DateTuesday, March 1, 2016
Time11:00 am
Concludes12:15 pm
LocationGould-Simpson 906
Faculty Host: Dr. Michelle Strout
SpeakerPeng (Ryan) Huang
TitlePh.D. Candidate
AffiliationUC San Diego

Toward Understanding and Dealing with Failures in Modern Systems

Many of the services we use everyday now run in data centers or mobile devices. However, building systems in these modern platforms to provide reliable services is difficult. This is evidenced by the fact that despite the large amount of work put into reliability, all modern systems (i.e., cloud and mobile) continue to experience million-dollar outages and frustrating anomalies like battery drain.

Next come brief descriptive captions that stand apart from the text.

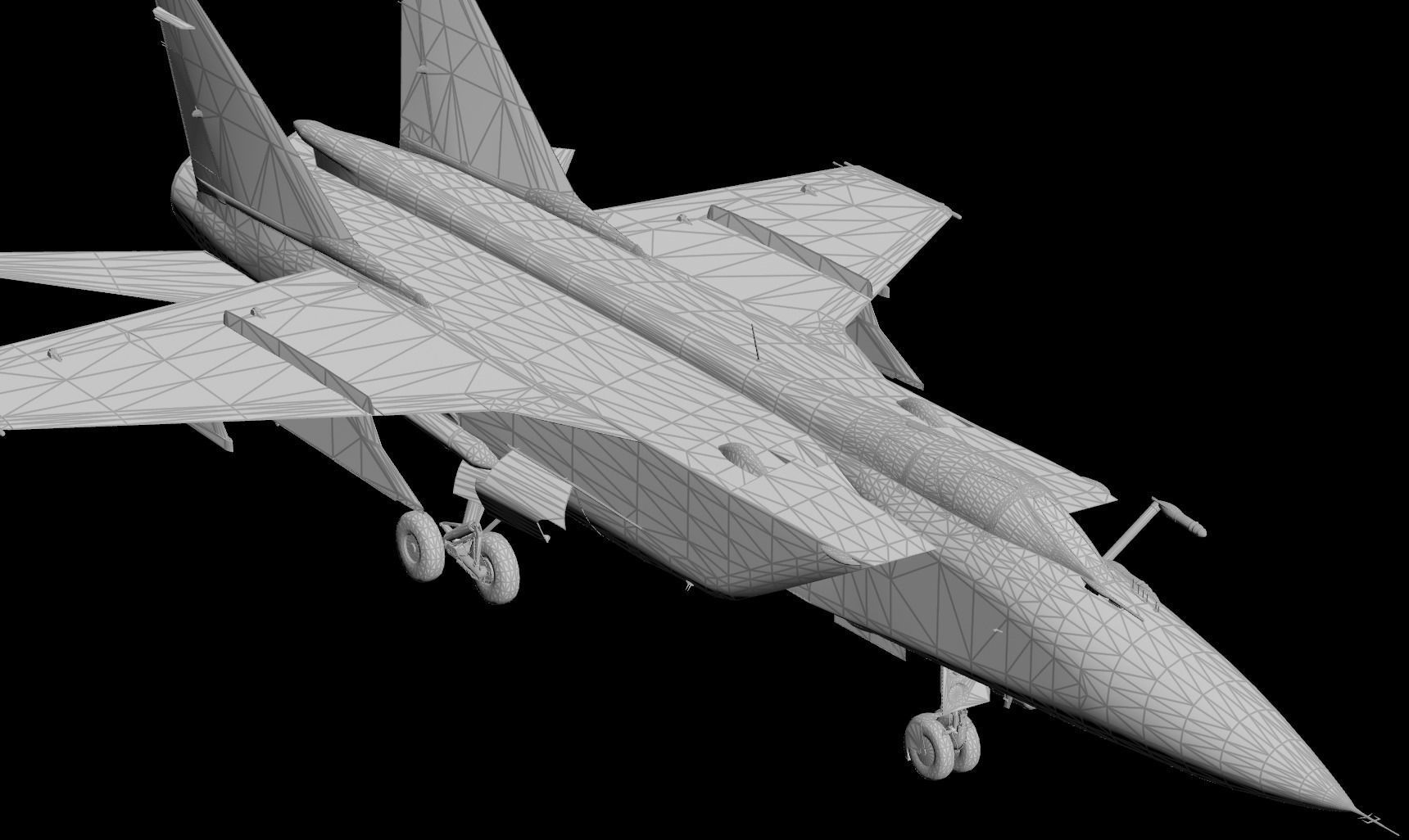 Russian MiG 31 Foxhound interceptor fighter jet 3D model_3
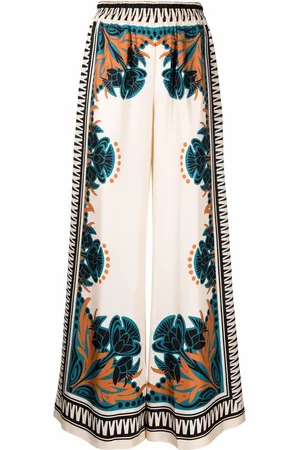 La DoubleJ Placée placed-print palazzo trousers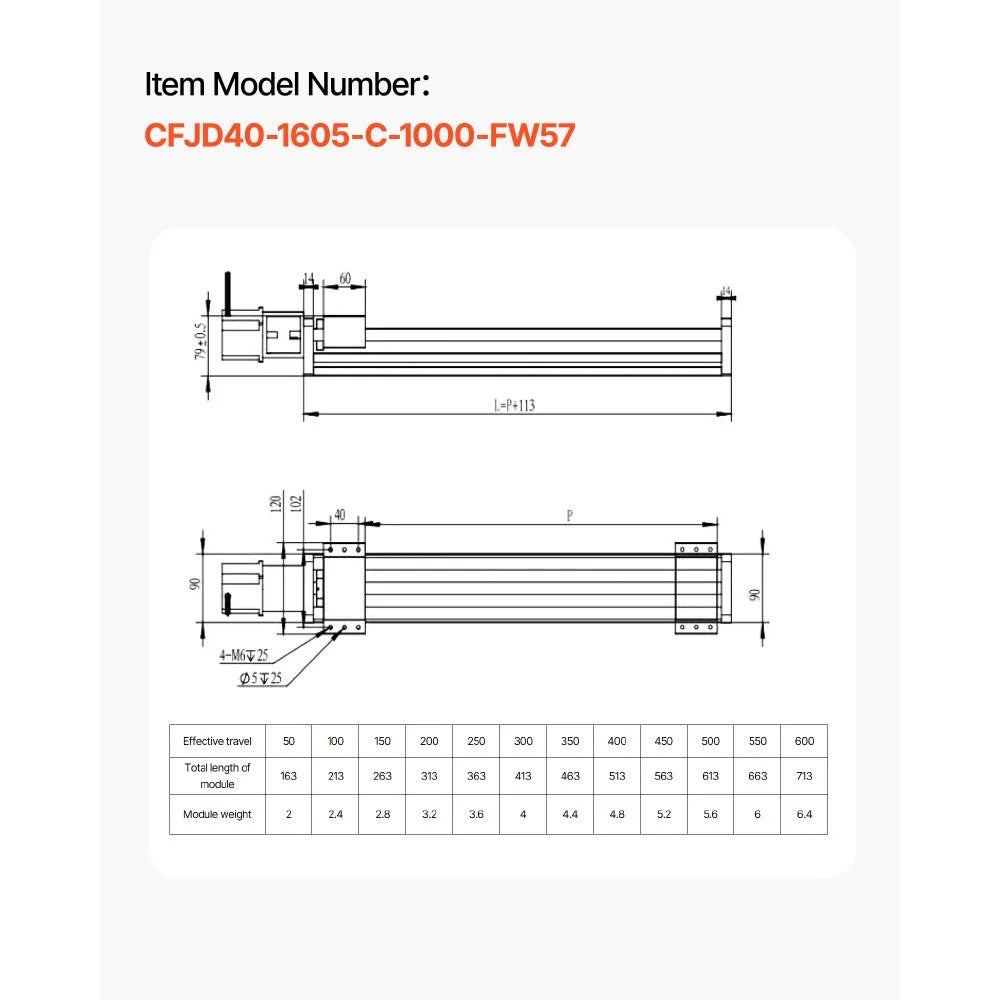 VEVOR Linear Guide, 1000 mm Stroke Work Size, Ball Screw Motion CNC Linear Guide Stage Actuator, Motorized Nema 23 Stepper Motor, High Precision, for Engraving Machine CNC Milling Machine 3D Printer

In this talk, I will describe my research efforts to better understand and proactively deal with the reliability challenges in modern systems. First I will discuss work that examines failures in cloud services. Instead of focusing on conventional root-cause analysis, this work takes a unique angle to look into the fault-tolerance mechanisms in cloud, and analyze why they did not prevent the service failures. I will summarize several challenges (opportunities) facing cloud system reliability. One such challenge is misconfiguration: existing fault-tolerance techniques often cannot tolerate (or worse are nullified by) configuration errors; and misconfiguration becomes a major source of cloud outages. I will then present work that enables cloud practitioners to proactively prevent configuration error by using a systematic validation framework. The framework consists of a declarative language to express configuration specification, a service that continuously checks if configuration obeys its specification, and a tool that automatically infers basic specification. I will also briefly cover the challenge of app misbehavior in mobile devices and proactive system-level solution to tackle app misbehavior.


Peng Huang is a Ph.D. candidate at UC San Diego advised by Professor Yuanyuan Zhou. His research interests intersect systems, software engineering and programming languages. He is particularly interested in understanding rising problems in real-world systems and reflecting that understanding in new techniques to improve systems. His work has been applied in industry including Microsoft and Teradata, and deployed to many real users. He is currently a research contractor with Facebook working on configuration management. Peng received his MS from UC San Diego, and his BS in computer science and BA in economics from Peking University.